**Supplied material**.

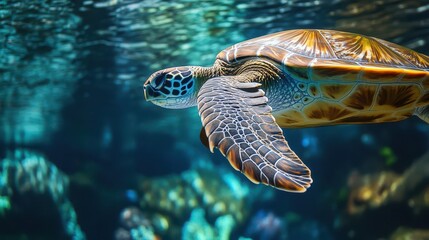 Fototapeta premium A sea turtle gracefully glides through the deep blue ocean.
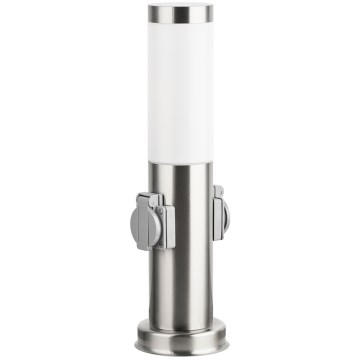 Brilagi - Lampa zewnętrzna z 2 gniazdami SCHUKO 1xE27/15W/230V 40 cm IP44 matowy chrom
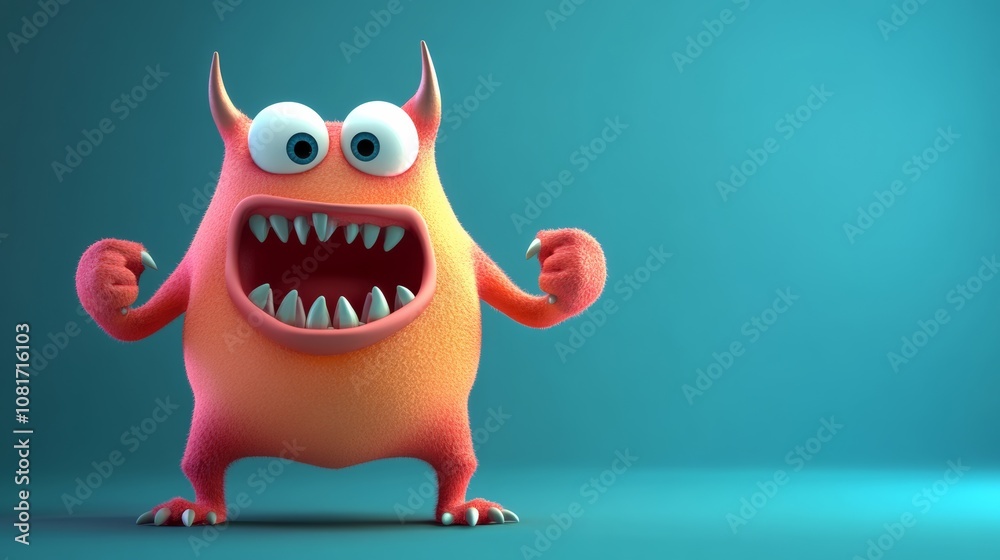 3D illustration of a funny cute monster for design concept 3D illustration of a funny cute monster for design concept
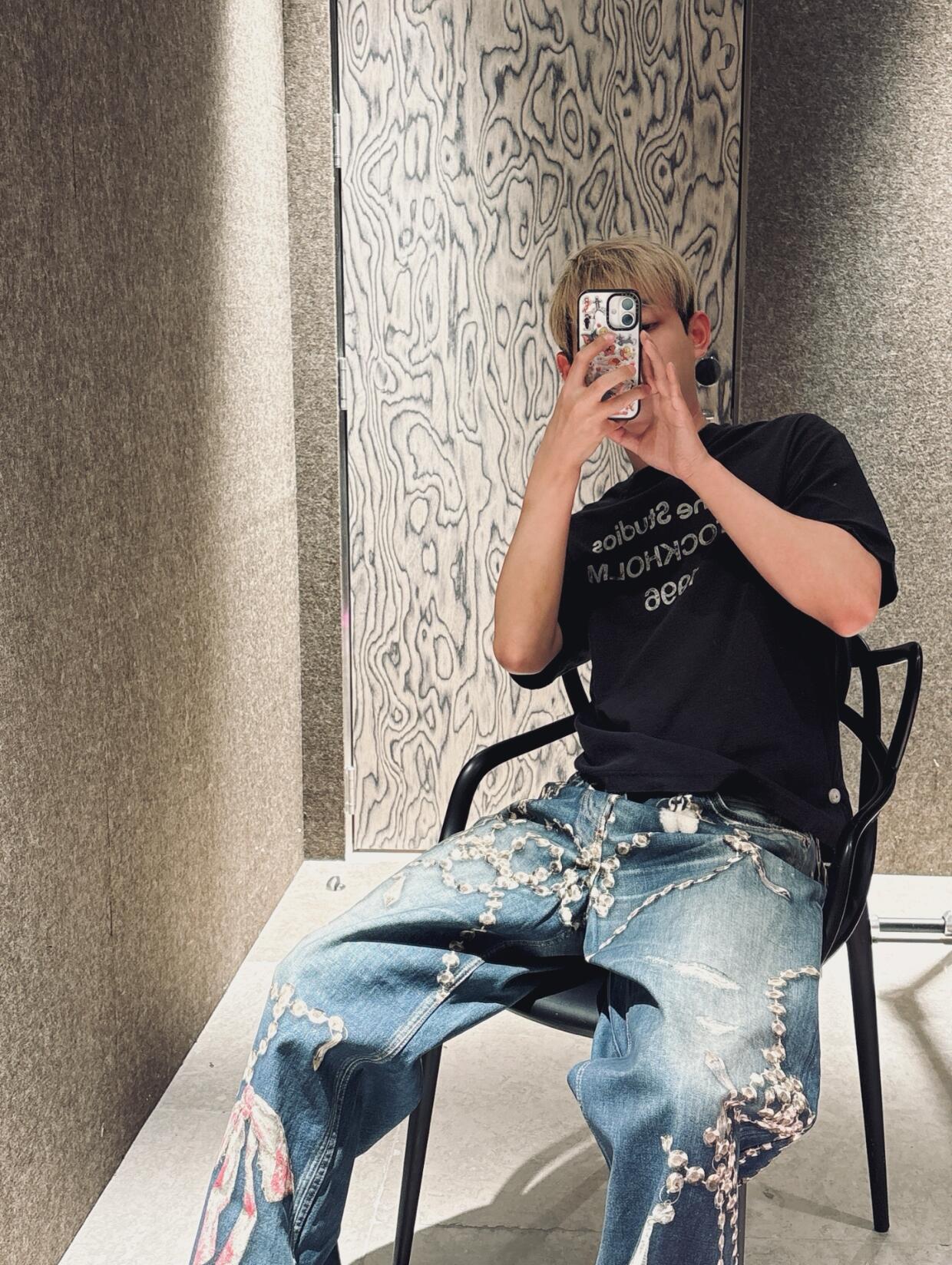 2026 New GS Optical Illusion Print Distressed Denim Trousers (BB851-C05)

**Task brief**.
Only the pictures may be dropped when you copy the data above; everything else stays exact.

**Answer section**.
 Fototapeta premium A sea turtle gracefully glides through the deep blue ocean.
 Brilagi - Lampa zewnętrzna z 2 gniazdami SCHUKO 1xE27/15W/230V 40 cm IP44 matowy chrom
 3D illustration of a funny cute monster for design concept 3D illustration of a funny cute monster for design concept
 2026 New GS Optical Illusion Print Distressed Denim Trousers (BB851-C05)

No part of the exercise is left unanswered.